DATASET EXTRACT below:

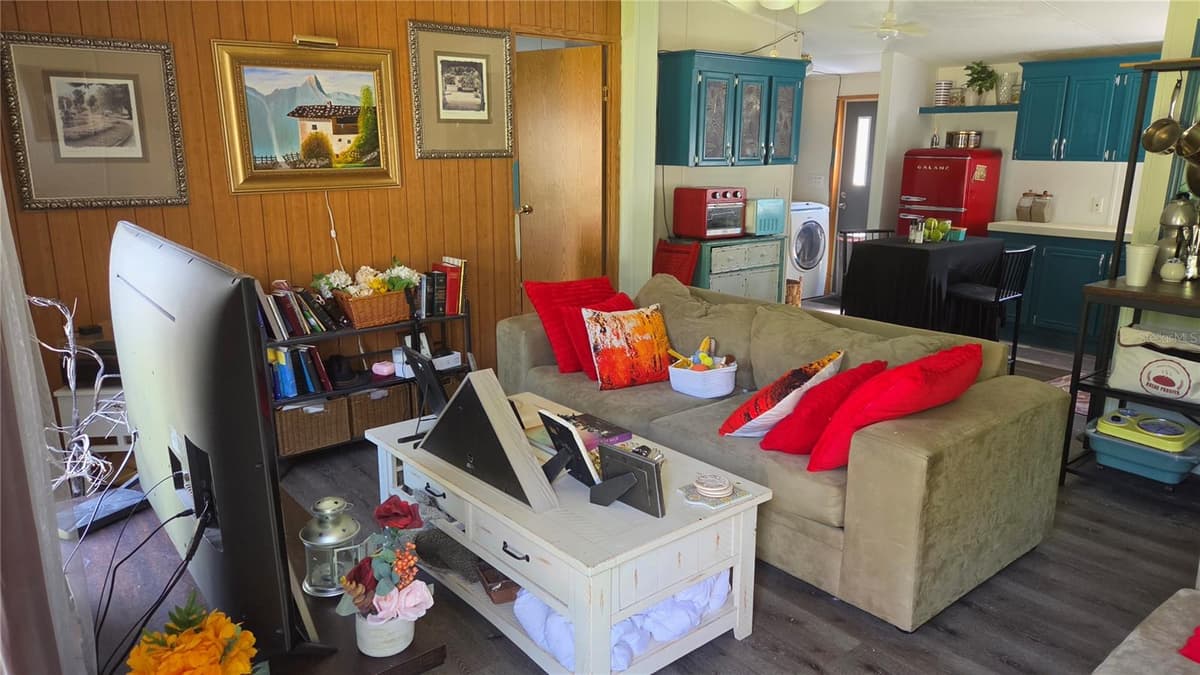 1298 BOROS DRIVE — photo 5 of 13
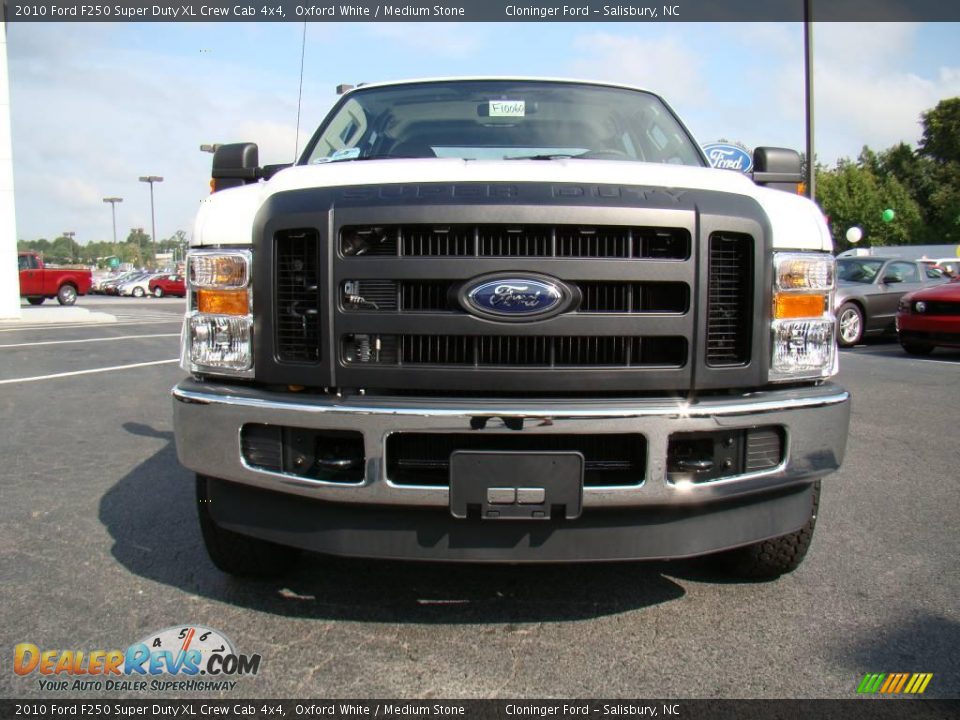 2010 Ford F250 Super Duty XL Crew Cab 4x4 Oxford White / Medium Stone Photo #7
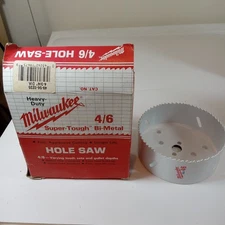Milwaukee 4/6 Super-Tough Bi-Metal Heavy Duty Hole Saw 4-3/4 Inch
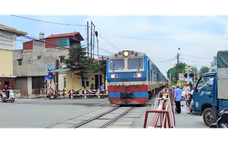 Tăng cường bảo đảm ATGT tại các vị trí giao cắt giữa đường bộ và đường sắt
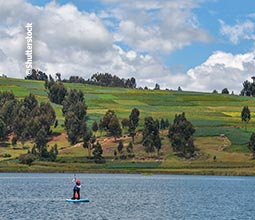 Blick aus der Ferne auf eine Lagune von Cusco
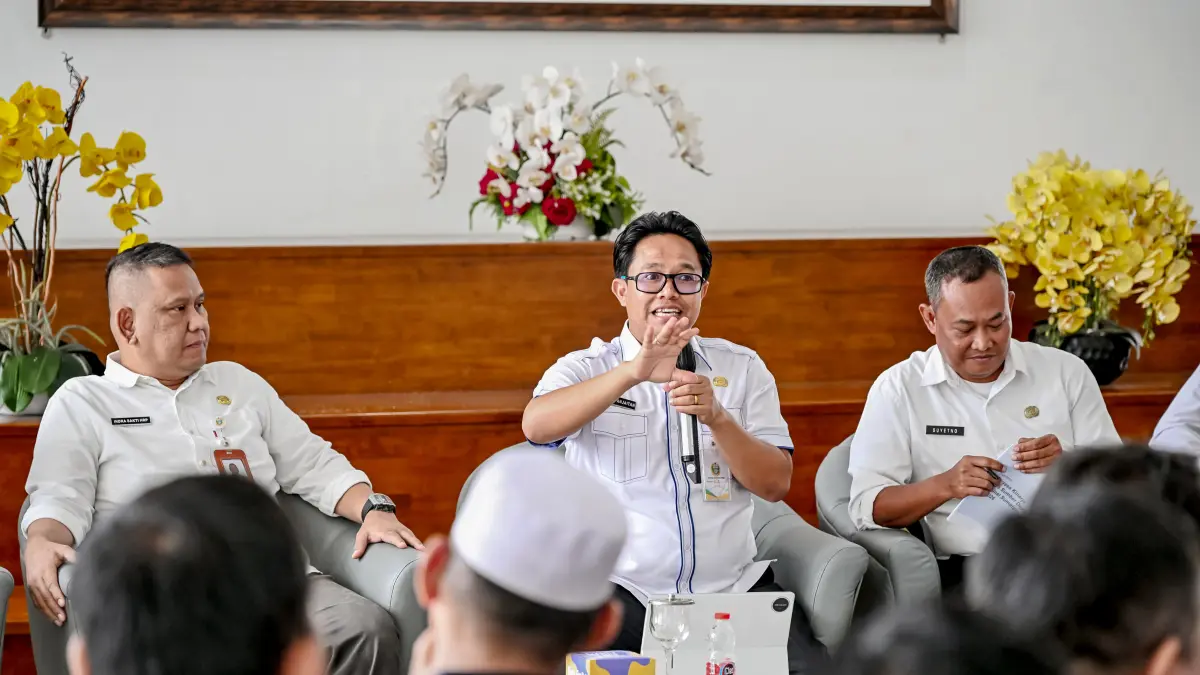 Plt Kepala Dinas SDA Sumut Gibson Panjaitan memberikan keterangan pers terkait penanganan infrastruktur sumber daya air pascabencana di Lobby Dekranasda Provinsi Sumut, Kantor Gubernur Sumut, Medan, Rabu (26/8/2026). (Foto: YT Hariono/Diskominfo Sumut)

End of DATASET EXTRACT.
DATASET EXTRACT below:

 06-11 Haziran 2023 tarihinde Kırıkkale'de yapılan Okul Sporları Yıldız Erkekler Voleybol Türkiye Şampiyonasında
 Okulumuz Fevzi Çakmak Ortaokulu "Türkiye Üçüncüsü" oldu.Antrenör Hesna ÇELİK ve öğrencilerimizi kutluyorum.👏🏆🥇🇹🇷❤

End of DATASET EXTRACT.
DATASET EXTRACT below:

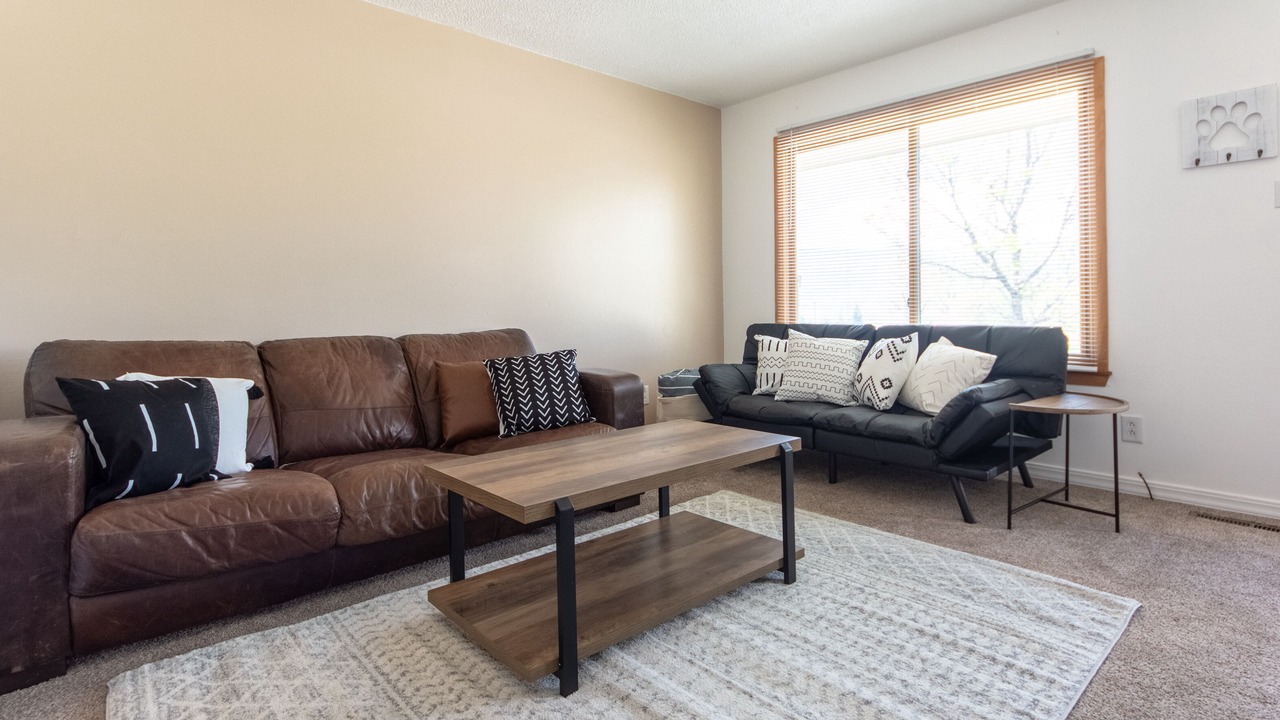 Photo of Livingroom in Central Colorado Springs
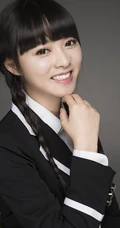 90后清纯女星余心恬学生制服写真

End of DATASET EXTRACT.

▸ HOW TO COMPLETE THIS TASK:
Would you restate, exactly and with no pictures, the lines of the entries above from the one containing "Blick aus der" through the one containing "Plt Kepala Dinas"?

▸ RESPONSE AREA:
 Blick aus der Ferne auf eine Lagune von Cusco
 Plt Kepala Dinas SDA Sumut Gibson Panjaitan memberikan keterangan pers terkait penanganan infrastruktur sumber daya air pascabencana di Lobby Dekranasda Provinsi Sumut, Kantor Gubernur Sumut, Medan, Rabu (26/8/2026). (Foto: YT Hariono/Diskominfo Sumut)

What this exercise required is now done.